Пункт 10 означал следующее:

«Пропаганда или агитация, содержащие призыв к свержению, подрыву или ослаблению советской власти или к совершению отдельных контрреволюционных преступлений, а равно распространение или изготовление или хранение литературы того же содержания влекут за собой — лишение свободы на срок не ниже шести месяцев».


Характерно, что пластинка оказывалась приравненной к контрреволюционной литературе. Потому сегодня если у кого и сохранились эти «артефакты», то часто с мясом оторванной этикеткой.

Согласно данным многотомного собрания документов «История сталинского ГУЛАГа» [4], к 1935 году «…исполнение и распространение контрреволюционных рассказов, песен, стихов, частушек, анекдотов и т. п.» выделено Прокуратурой СССР в особую группу преступлений. Статистика тридцатых-сороковых годов пестрит такими приговорами:

1932 год — антиколхозная агитация, сочинение антиколхозных частушек — 2 года, 1933 — слушал а/с (антисоветские) частушки, распространял слухи — 3 года, 1935-й — пел к/p (контрреволюционные) частушки — 2 года, 1936-й — а/с частушки, надругательство над портретами вождей, избиение коммунистов — 5 лет, 1936-й — к/p, террористическая агитация — песни, частушки — 3 года, 1937-й — пение а/с частушек — 5 лет; клевета на ВКП(б), а/с частушки — 10 лет, 1938-й — пение песен, дискредитирующих вождей — 10 лет.

В 1953 году в Архангельске молодого парня арестовали за то, что он, будучи навеселе, в гостях исполнил песню 30-х годов, которую слышал от отца, с такими словами: «Всероссийская коммуна разорила нас дотла, / А диктатура коммунистов нас до ручки довела. / Все раздеты, все разуты, / На посту солдаты в лаптях…» От сурового приговора его спасла только смерть «великого кормчего».

Похожий случай имел место и в Херсонской области осенью того же года.

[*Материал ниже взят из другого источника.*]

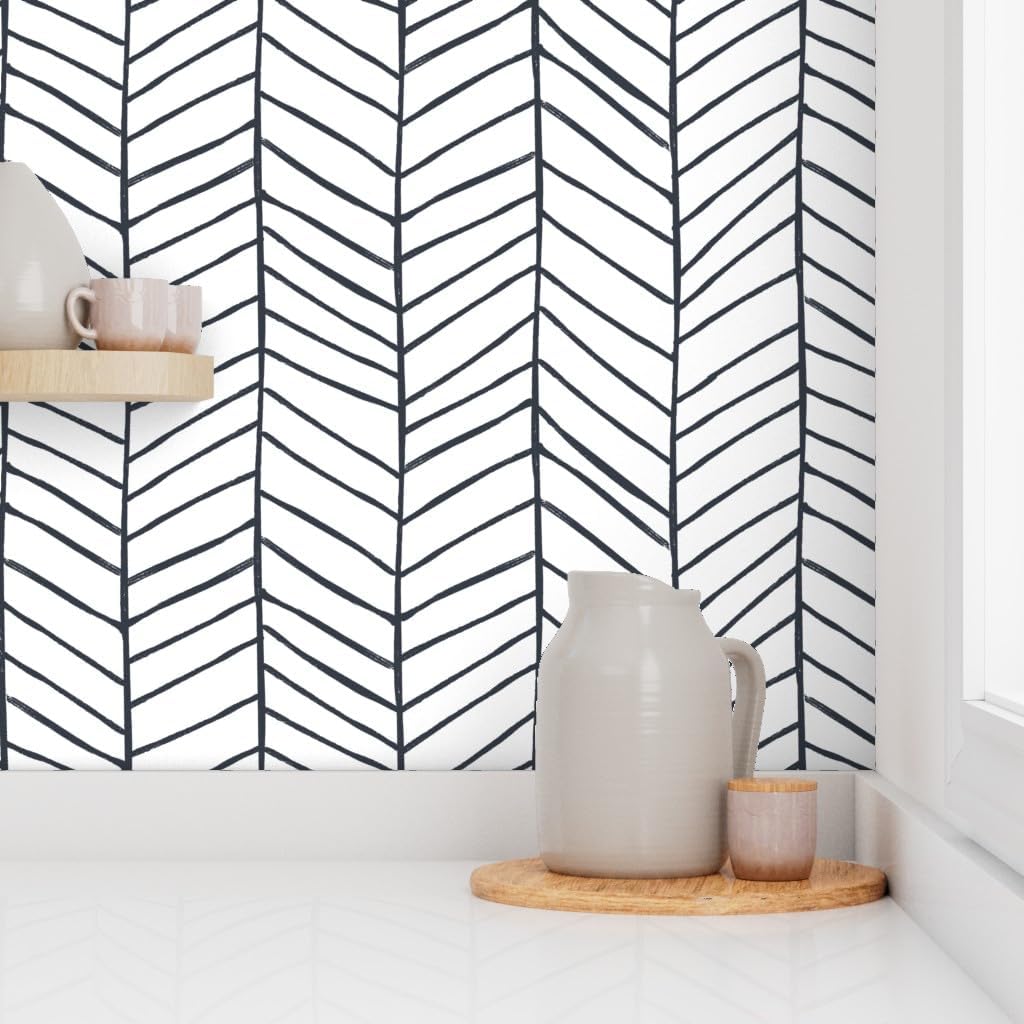Removable Wallpaper 6ft x 2ft - Herringbone, Black and White, Feather, Chevron, Geometric, Large Scale Custom Pre-Pasted Wallpaper by Spoonflower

Согласно архивным документам, некто «Белей М. Ю. (1931 года рождения, украинец, образование 7 классов, член ВЛКСМ, инвалид, не работал) хранил и давал читать знакомым несколько националистических и религиозных книг, пародию на Интернационал, антисоветскую “Песню про Сталина”…»

Но и после кончины генералиссимуса получить срок было вполне реально.

Владимир Козлов в исследовании «Крамола и инакомыслие в СССР при Хрущеве и Брежневе. Рассекреченные документы Верховного суда и Прокуратуры СССР» [5] указывает, что в период с 1956 по 1958 год в места не столь отдаленные отправилась не одна сотня человек, которым вменялось «хранение и распространение антисоветской литературы, в том числе дневников, переписанных от руки стихотворений и песен. » (курсив мой.-М. К.).

С приходом к власти Брежнева карательная политика смягчилась. Как сказал в одном из интервью известный бард Юлий Ким, «за пьяный застольный треп» срока уже не давали, «давали его за публичную критику режима».

* * *

Объектом запретов становились также экзотические ариетки Александра Вертинского, Изы Кремер и прочих «арлекинов». Советскому человеку рассказы про «лилового негра», нюхающих кокаин декадентов, всяких «китайчонков» и «притоны ночного Марселя» категорически чужды.

Что вы плачете здесь, одинокая глупая деточка,

Кокаином распятая в мокрых бульварах Москвы?

Вашу тонкую шейку едва прикрывает горжеточка.